Given records
——————————

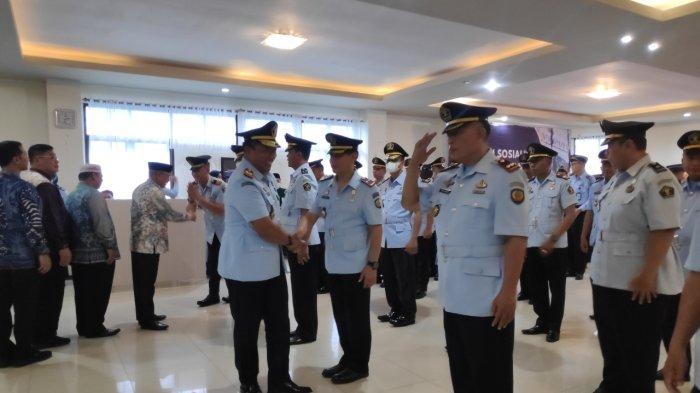 Lantik 21 Pejabat, Kakanwil Kemenkumham Kalsel: Jadilah Pimpinan Dengan Kebermanfaatan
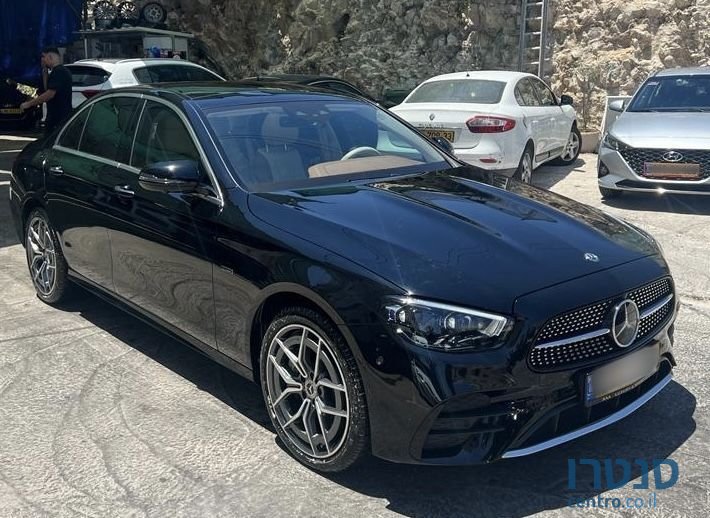 2022' Mercedes-Benz E-Class מרצדס photo #1
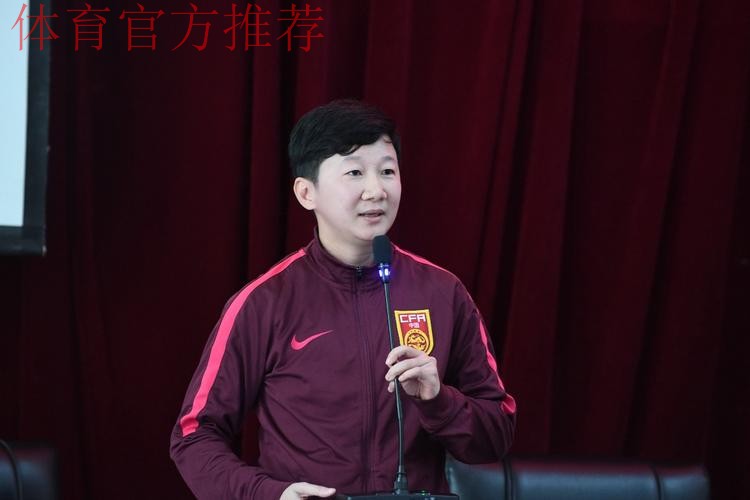 蔡振华:铿锵玫瑰精神再现 中国女足还能前行 蔡振华:铿锵玫瑰精神再现 中国女足还能前行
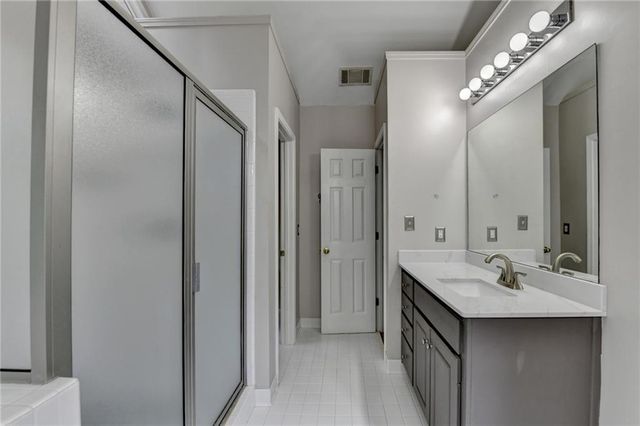 1015 ROWE OAK Circle, Lawrenceville, GA 30043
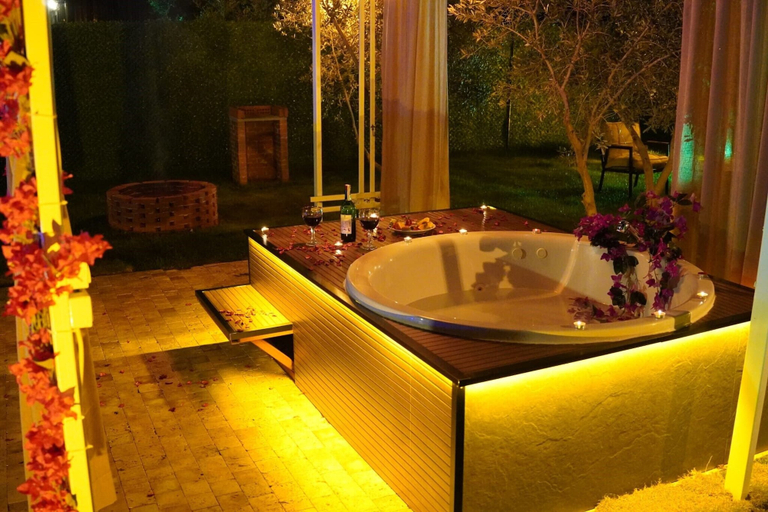 Outdoor spa tub 2, ON2 Bungalov Villas, Antalya
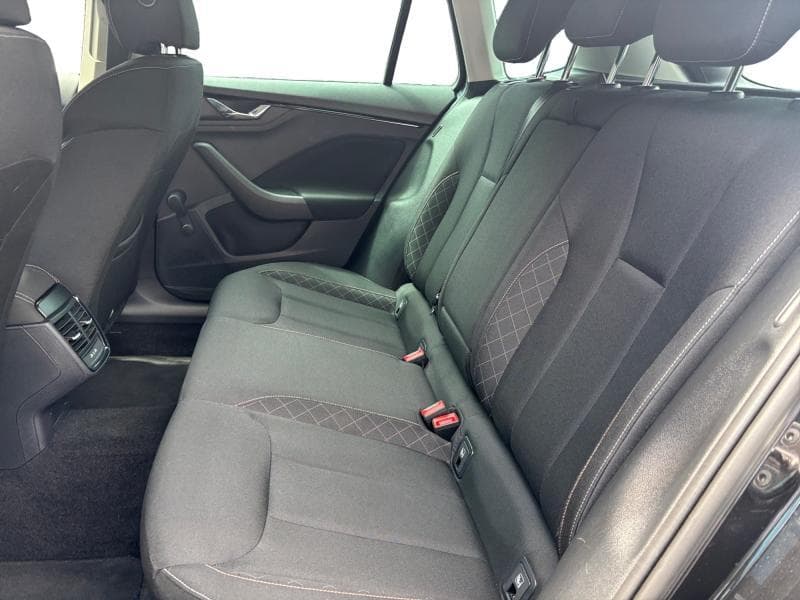 Skoda Kamiq Ambition | 1.0 tsi 110cv | GPS | Caméra | Carplay | Capteurs Av/Ar | Clim auto | Sièges Av chauffants - 11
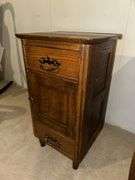 Oak stand 13.5D x 15.5L x 28H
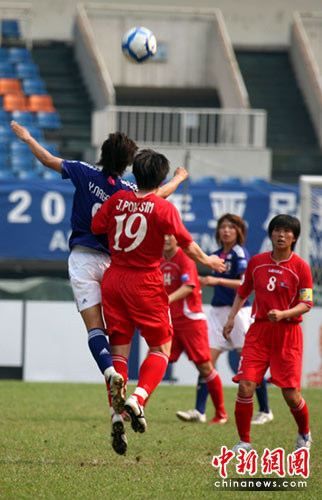 女足亚洲杯:朝鲜1-2负日本 半决赛战中国(组图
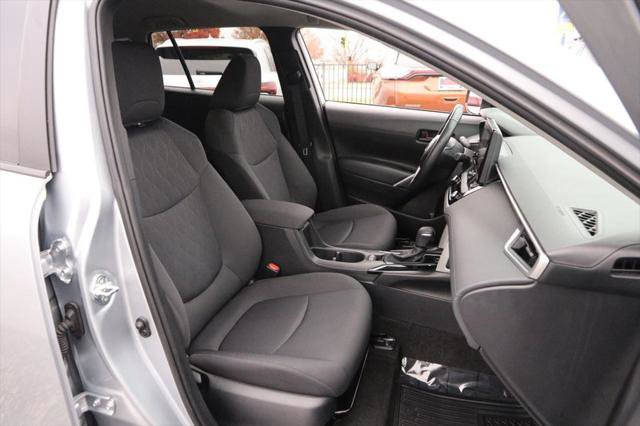 Certified 2024 Toyota Corolla Cross LE image 25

——————————

Task directions
Repeat nothing but the lines from the one containing "Skoda Kamiq Ambition" through the end of the entries, exactly, and skip the pictures.

Answer
 Skoda Kamiq Ambition | 1.0 tsi 110cv | GPS | Caméra | Carplay | Capteurs Av/Ar | Clim auto | Sièges Av chauffants - 11
 Oak stand 13.5D x 15.5L x 28H
 女足亚洲杯:朝鲜1-2负日本 半决赛战中国(组图
 Certified 2024 Toyota Corolla Cross LE image 25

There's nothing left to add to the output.